● **Assignment**:
The needed output is the run of lines below from the one containing "929 Kyanite Lane - Photo Thumbnail 29" through the one containing "Oriental Indoor Rug-1791639279", copied exactly and free of pictures.

------------

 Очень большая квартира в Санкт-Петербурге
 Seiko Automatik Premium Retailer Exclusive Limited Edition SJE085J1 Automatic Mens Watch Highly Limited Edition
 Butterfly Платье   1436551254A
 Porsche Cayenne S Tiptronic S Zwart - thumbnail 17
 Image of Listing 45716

------------

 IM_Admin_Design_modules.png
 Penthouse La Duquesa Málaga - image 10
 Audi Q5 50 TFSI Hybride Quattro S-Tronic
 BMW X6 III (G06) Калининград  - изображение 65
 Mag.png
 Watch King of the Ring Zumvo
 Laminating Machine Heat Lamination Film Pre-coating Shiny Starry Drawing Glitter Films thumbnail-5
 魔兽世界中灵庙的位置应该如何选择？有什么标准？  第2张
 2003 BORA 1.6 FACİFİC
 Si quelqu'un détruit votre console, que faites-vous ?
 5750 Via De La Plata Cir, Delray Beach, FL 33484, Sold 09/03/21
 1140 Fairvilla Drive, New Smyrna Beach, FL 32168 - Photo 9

------------

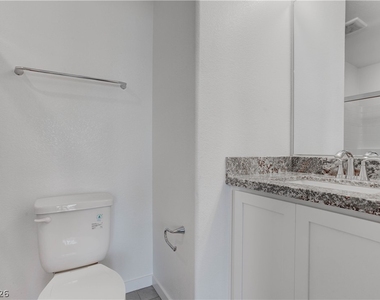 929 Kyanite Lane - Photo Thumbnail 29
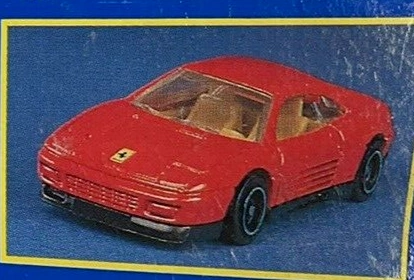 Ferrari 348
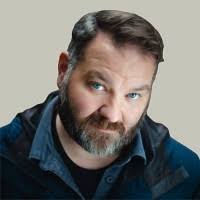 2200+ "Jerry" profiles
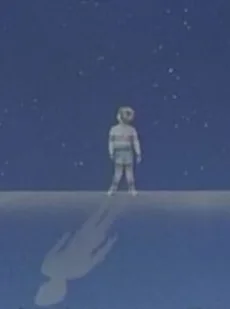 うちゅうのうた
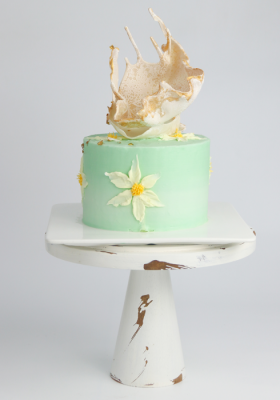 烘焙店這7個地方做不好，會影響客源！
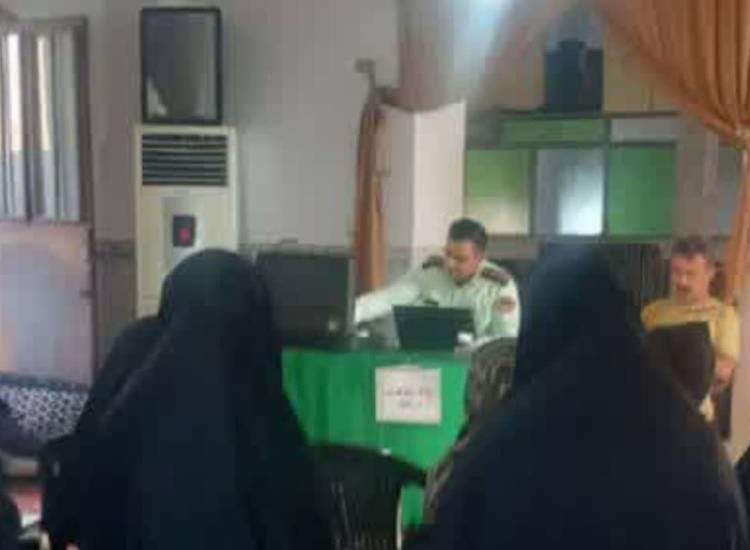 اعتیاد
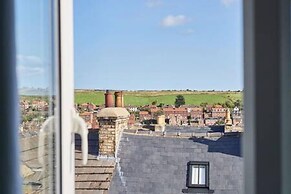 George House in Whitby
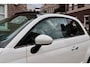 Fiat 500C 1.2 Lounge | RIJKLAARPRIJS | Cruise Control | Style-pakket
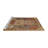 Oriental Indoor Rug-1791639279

------------

● **Exercise response**:
 929 Kyanite Lane - Photo Thumbnail 29
 Ferrari 348
 2200+ "Jerry" profiles
 うちゅうのうた
 烘焙店這7個地方做不好，會影響客源！
 اعتیاد
 George House in Whitby
 Fiat 500C 1.2 Lounge | RIJKLAARPRIJS | Cruise Control | Style-pakket
 Oriental Indoor Rug-1791639279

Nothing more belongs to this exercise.